My passion is why my current 913A pushes me so hard to become a warrant like him – our field isn’t any sort of rote science like some others, and it isn’t an art – I feel that skilled trades are the warrant officer equivalent of the marriage between art and science.

Hognose Post author

Thanks, Sergeant. Much appreciated. For the record, one of my friends used the SARTK recently at a foreign weapons armorer course. Having a single TK for both small arms and artillery explains the abundance of honkin’ big sockets in the set. There is a USMC version of the kit that has more small arms specific tools in it.

Frankly, we’d love to have some guest posts — one such as you describe, perhaps, and maybe one on what end users can do to avoid having their stuff wind up on the -30 or up repair bench.

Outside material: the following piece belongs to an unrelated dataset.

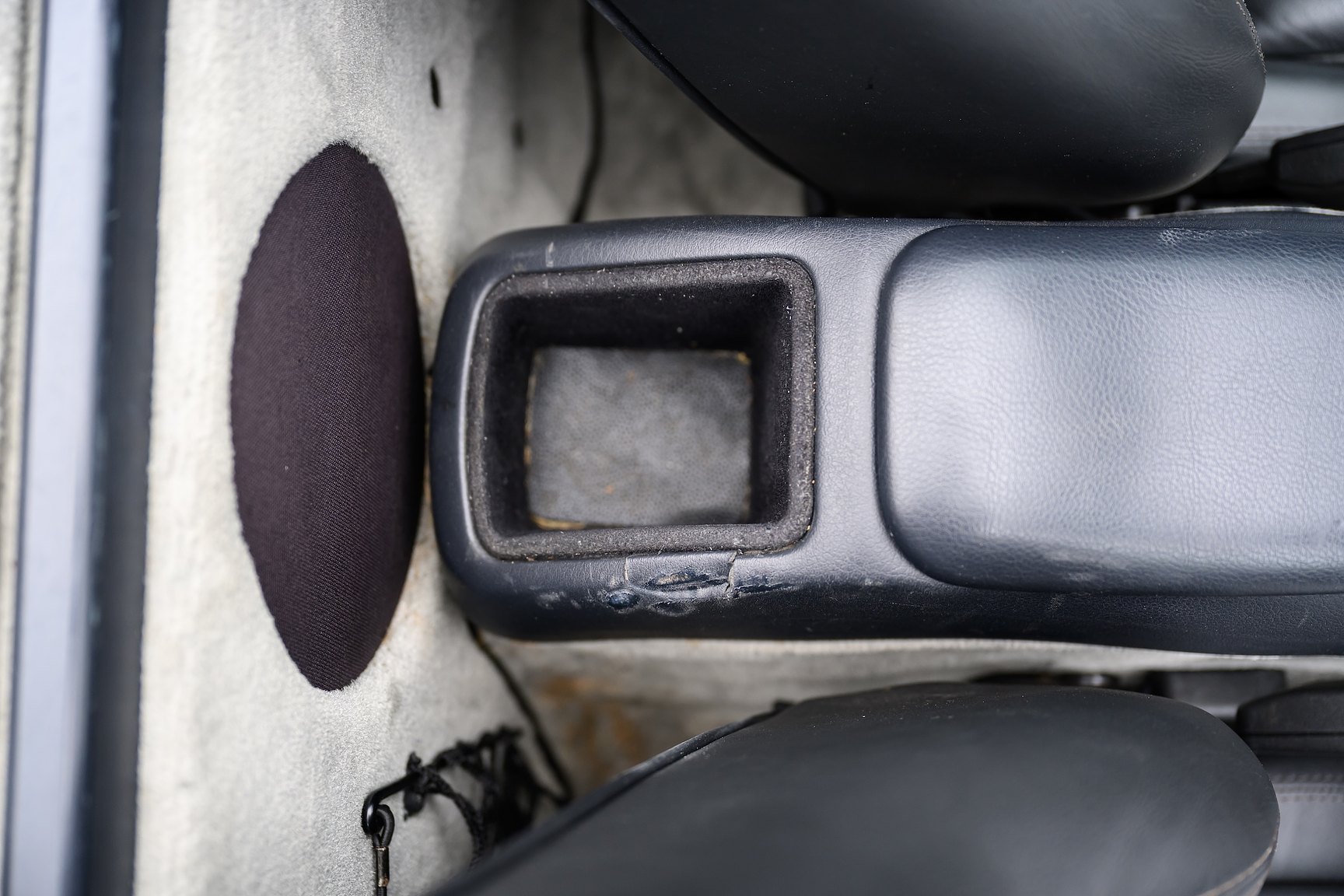 Interior image of 2001 Alfa Romeo Spider 3.0 V6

We do some nonstandard stuff in SF, maintenance wise. But we are also blessed to have a lot of weapons enthusiasts, and a whole unit full of motivated men. Sure, we’ve all had to deal with unmotivated troops, but that’s when training foreigners… there are things you can do to fire guys up, but some people just resist being motivated or motivating themselves.

The best warrant officers are the ones that are truly experts in their field, and are passionate about it. Everybody says “3rd Lieutenant School” sucks but you do sound like a good candidate for the MOS. Good luck! I’ll drop you a line in a day or two.


If they ever disband the VA and you feel like shifting fire onto the acquisitions process I would be more than happy to provide material.